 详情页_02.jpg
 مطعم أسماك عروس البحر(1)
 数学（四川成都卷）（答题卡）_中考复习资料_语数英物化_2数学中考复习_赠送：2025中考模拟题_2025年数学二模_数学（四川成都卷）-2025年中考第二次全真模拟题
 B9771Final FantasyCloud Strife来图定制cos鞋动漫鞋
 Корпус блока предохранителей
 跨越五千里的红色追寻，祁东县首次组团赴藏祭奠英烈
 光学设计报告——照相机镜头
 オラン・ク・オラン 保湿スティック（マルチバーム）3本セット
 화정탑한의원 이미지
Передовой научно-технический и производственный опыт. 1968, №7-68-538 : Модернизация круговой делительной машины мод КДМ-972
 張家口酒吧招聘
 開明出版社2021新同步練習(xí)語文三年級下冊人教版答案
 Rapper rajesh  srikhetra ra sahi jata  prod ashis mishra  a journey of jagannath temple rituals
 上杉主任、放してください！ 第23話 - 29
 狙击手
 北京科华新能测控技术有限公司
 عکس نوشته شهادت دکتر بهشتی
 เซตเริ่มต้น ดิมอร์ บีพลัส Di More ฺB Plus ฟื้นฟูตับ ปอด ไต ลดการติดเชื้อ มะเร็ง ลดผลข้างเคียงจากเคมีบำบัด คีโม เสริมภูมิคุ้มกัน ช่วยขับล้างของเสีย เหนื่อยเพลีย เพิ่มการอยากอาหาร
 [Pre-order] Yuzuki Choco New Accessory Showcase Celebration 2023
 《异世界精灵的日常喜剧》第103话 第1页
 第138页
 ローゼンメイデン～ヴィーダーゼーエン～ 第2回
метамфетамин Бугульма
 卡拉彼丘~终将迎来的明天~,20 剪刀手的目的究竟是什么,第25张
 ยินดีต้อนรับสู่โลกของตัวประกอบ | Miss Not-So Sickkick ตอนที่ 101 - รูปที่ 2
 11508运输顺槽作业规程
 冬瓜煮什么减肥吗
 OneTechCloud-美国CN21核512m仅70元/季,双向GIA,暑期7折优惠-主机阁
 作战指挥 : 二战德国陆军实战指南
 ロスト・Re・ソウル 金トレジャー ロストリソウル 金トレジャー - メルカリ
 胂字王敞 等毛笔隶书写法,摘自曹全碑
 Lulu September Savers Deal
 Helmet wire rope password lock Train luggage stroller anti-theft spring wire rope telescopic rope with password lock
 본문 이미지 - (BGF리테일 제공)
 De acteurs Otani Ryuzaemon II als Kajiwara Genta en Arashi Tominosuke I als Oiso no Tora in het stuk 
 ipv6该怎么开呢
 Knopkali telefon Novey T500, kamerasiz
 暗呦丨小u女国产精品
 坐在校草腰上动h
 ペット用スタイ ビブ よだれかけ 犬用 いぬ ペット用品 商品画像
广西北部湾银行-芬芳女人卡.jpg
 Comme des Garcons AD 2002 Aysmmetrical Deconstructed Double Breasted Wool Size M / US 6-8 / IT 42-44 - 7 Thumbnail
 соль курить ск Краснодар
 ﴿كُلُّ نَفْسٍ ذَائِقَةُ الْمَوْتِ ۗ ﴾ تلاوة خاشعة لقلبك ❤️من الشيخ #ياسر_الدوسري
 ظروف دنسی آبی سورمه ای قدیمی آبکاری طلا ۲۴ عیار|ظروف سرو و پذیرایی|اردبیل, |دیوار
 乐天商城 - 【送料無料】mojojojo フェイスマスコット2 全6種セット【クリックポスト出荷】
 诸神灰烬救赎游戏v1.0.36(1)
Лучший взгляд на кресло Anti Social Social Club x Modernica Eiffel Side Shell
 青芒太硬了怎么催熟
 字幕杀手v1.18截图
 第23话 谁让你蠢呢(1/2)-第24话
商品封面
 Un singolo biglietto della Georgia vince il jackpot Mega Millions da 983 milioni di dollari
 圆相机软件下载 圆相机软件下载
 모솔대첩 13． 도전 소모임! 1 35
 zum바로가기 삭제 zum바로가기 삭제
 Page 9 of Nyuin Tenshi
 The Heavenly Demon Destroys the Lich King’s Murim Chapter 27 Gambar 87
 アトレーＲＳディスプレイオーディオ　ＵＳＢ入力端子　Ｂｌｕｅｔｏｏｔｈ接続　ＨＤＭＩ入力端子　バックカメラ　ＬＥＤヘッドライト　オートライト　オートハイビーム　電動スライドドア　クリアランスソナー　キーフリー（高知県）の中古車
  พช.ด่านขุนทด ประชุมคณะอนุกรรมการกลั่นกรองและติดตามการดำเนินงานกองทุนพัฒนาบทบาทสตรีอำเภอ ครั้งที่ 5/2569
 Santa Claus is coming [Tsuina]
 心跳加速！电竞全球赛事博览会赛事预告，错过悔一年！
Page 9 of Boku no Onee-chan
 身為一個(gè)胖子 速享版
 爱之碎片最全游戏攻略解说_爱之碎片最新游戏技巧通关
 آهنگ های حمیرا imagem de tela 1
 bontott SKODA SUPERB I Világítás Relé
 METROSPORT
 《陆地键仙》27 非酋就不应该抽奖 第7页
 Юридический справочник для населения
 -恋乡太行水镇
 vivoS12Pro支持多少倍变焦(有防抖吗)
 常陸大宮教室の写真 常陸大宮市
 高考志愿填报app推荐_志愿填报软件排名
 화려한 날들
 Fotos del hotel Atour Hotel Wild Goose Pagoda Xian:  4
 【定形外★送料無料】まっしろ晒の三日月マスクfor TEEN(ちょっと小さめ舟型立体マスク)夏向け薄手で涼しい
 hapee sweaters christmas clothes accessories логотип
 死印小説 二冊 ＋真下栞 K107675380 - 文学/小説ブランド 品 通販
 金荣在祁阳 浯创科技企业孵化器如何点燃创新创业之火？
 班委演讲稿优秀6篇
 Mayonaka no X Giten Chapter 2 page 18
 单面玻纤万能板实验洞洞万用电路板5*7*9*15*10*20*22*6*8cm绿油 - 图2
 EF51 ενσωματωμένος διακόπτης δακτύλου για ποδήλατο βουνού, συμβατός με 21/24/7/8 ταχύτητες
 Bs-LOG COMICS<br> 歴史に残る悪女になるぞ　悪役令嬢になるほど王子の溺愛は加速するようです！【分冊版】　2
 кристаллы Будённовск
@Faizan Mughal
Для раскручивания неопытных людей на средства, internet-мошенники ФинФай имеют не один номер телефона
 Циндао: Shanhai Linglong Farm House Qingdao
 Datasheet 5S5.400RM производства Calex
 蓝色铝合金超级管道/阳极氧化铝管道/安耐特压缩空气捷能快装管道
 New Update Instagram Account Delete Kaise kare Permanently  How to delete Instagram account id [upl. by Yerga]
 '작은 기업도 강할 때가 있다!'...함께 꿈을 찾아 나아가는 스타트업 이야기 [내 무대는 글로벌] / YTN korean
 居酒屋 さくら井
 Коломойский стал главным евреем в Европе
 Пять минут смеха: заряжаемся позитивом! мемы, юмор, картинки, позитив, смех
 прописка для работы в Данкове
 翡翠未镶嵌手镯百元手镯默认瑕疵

**WORK INSTRUCTIONS:** An exact copy of the data, with every line intact, is the required answer.

**REPLY TO THE TASK:**
 详情页_02.jpg
 مطعم أسماك عروس البحر(1)
 数学（四川成都卷）（答题卡）_中考复习资料_语数英物化_2数学中考复习_赠送：2025中考模拟题_2025年数学二模_数学（四川成都卷）-2025年中考第二次全真模拟题
 B9771Final FantasyCloud Strife来图定制cos鞋动漫鞋
 Корпус блока предохранителей
 跨越五千里的红色追寻，祁东县首次组团赴藏祭奠英烈
 光学设计报告——照相机镜头
 オラン・ク・オラン 保湿スティック（マルチバーム）3本セット
 화정탑한의원 이미지
Передовой научно-технический и производственный опыт. 1968, №7-68-538 : Модернизация круговой делительной машины мод КДМ-972
 張家口酒吧招聘
 開明出版社2021新同步練習(xí)語文三年級下冊人教版答案
 Rapper rajesh  srikhetra ra sahi jata  prod ashis mishra  a journey of jagannath temple rituals
 上杉主任、放してください！ 第23話 - 29
 狙击手
 北京科华新能测控技术有限公司
 عکس نوشته شهادت دکتر بهشتی
 เซตเริ่มต้น ดิมอร์ บีพลัส Di More ฺB Plus ฟื้นฟูตับ ปอด ไต ลดการติดเชื้อ มะเร็ง ลดผลข้างเคียงจากเคมีบำบัด คีโม เสริมภูมิคุ้มกัน ช่วยขับล้างของเสีย เหนื่อยเพลีย เพิ่มการอยากอาหาร
 [Pre-order] Yuzuki Choco New Accessory Showcase Celebration 2023
 《异世界精灵的日常喜剧》第103话 第1页
 第138页
 ローゼンメイデン～ヴィーダーゼーエン～ 第2回
метамфетамин Бугульма
 卡拉彼丘~终将迎来的明天~,20 剪刀手的目的究竟是什么,第25张
 ยินดีต้อนรับสู่โลกของตัวประกอบ | Miss Not-So Sickkick ตอนที่ 101 - รูปที่ 2
 11508运输顺槽作业规程
 冬瓜煮什么减肥吗
 OneTechCloud-美国CN21核512m仅70元/季,双向GIA,暑期7折优惠-主机阁
 作战指挥 : 二战德国陆军实战指南
 ロスト・Re・ソウル 金トレジャー ロストリソウル 金トレジャー - メルカリ
 胂字王敞 等毛笔隶书写法,摘自曹全碑
 Lulu September Savers Deal
 Helmet wire rope password lock Train luggage stroller anti-theft spring wire rope telescopic rope with password lock
 본문 이미지 - (BGF리테일 제공)
 De acteurs Otani Ryuzaemon II als Kajiwara Genta en Arashi Tominosuke I als Oiso no Tora in het stuk 
 ipv6该怎么开呢
 Knopkali telefon Novey T500, kamerasiz
 暗呦丨小u女国产精品
 坐在校草腰上动h
 ペット用スタイ ビブ よだれかけ 犬用 いぬ ペット用品 商品画像
广西北部湾银行-芬芳女人卡.jpg
 Comme des Garcons AD 2002 Aysmmetrical Deconstructed Double Breasted Wool Size M / US 6-8 / IT 42-44 - 7 Thumbnail
 соль курить ск Краснодар
 ﴿كُلُّ نَفْسٍ ذَائِقَةُ الْمَوْتِ ۗ ﴾ تلاوة خاشعة لقلبك ❤️من الشيخ #ياسر_الدوسري
 ظروف دنسی آبی سورمه ای قدیمی آبکاری طلا ۲۴ عیار|ظروف سرو و پذیرایی|اردبیل, |دیوار
 乐天商城 - 【送料無料】mojojojo フェイスマスコット2 全6種セット【クリックポスト出荷】
 诸神灰烬救赎游戏v1.0.36(1)
Лучший взгляд на кресло Anti Social Social Club x Modernica Eiffel Side Shell
 青芒太硬了怎么催熟
 字幕杀手v1.18截图
 第23话 谁让你蠢呢(1/2)-第24话
商品封面
 Un singolo biglietto della Georgia vince il jackpot Mega Millions da 983 milioni di dollari
 圆相机软件下载 圆相机软件下载
 모솔대첩 13． 도전 소모임! 1 35
 zum바로가기 삭제 zum바로가기 삭제
 Page 9 of Nyuin Tenshi
 The Heavenly Demon Destroys the Lich King’s Murim Chapter 27 Gambar 87
 アトレーＲＳディスプレイオーディオ　ＵＳＢ入力端子　Ｂｌｕｅｔｏｏｔｈ接続　ＨＤＭＩ入力端子　バックカメラ　ＬＥＤヘッドライト　オートライト　オートハイビーム　電動スライドドア　クリアランスソナー　キーフリー（高知県）の中古車
  พช.ด่านขุนทด ประชุมคณะอนุกรรมการกลั่นกรองและติดตามการดำเนินงานกองทุนพัฒนาบทบาทสตรีอำเภอ ครั้งที่ 5/2569
 Santa Claus is coming [Tsuina]
 心跳加速！电竞全球赛事博览会赛事预告，错过悔一年！
Page 9 of Boku no Onee-chan
 身為一個(gè)胖子 速享版
 爱之碎片最全游戏攻略解说_爱之碎片最新游戏技巧通关
 آهنگ های حمیرا imagem de tela 1
 bontott SKODA SUPERB I Világítás Relé
 METROSPORT
 《陆地键仙》27 非酋就不应该抽奖 第7页
 Юридический справочник для населения
 -恋乡太行水镇
 vivoS12Pro支持多少倍变焦(有防抖吗)
 常陸大宮教室の写真 常陸大宮市
 高考志愿填报app推荐_志愿填报软件排名
 화려한 날들
 Fotos del hotel Atour Hotel Wild Goose Pagoda Xian:  4
 【定形外★送料無料】まっしろ晒の三日月マスクfor TEEN(ちょっと小さめ舟型立体マスク)夏向け薄手で涼しい
 hapee sweaters christmas clothes accessories логотип
 死印小説 二冊 ＋真下栞 K107675380 - 文学/小説ブランド 品 通販
 金荣在祁阳 浯创科技企业孵化器如何点燃创新创业之火？
 班委演讲稿优秀6篇
 Mayonaka no X Giten Chapter 2 page 18
 单面玻纤万能板实验洞洞万用电路板5*7*9*15*10*20*22*6*8cm绿油 - 图2
 EF51 ενσωματωμένος διακόπτης δακτύλου για ποδήλατο βουνού, συμβατός με 21/24/7/8 ταχύτητες
 Bs-LOG COMICS<br> 歴史に残る悪女になるぞ　悪役令嬢になるほど王子の溺愛は加速するようです！【分冊版】　2
 кристаллы Будённовск
@Faizan Mughal
Для раскручивания неопытных людей на средства, internet-мошенники ФинФай имеют не один номер телефона
 Циндао: Shanhai Linglong Farm House Qingdao
 Datasheet 5S5.400RM производства Calex
 蓝色铝合金超级管道/阳极氧化铝管道/安耐特压缩空气捷能快装管道
 New Update Instagram Account Delete Kaise kare Permanently  How to delete Instagram account id [upl. by Yerga]
 '작은 기업도 강할 때가 있다!'...함께 꿈을 찾아 나아가는 스타트업 이야기 [내 무대는 글로벌] / YTN korean
 居酒屋 さくら井
 Коломойский стал главным евреем в Европе
 Пять минут смеха: заряжаемся позитивом! мемы, юмор, картинки, позитив, смех
 прописка для работы в Данкове
 翡翠未镶嵌手镯百元手镯默认瑕疵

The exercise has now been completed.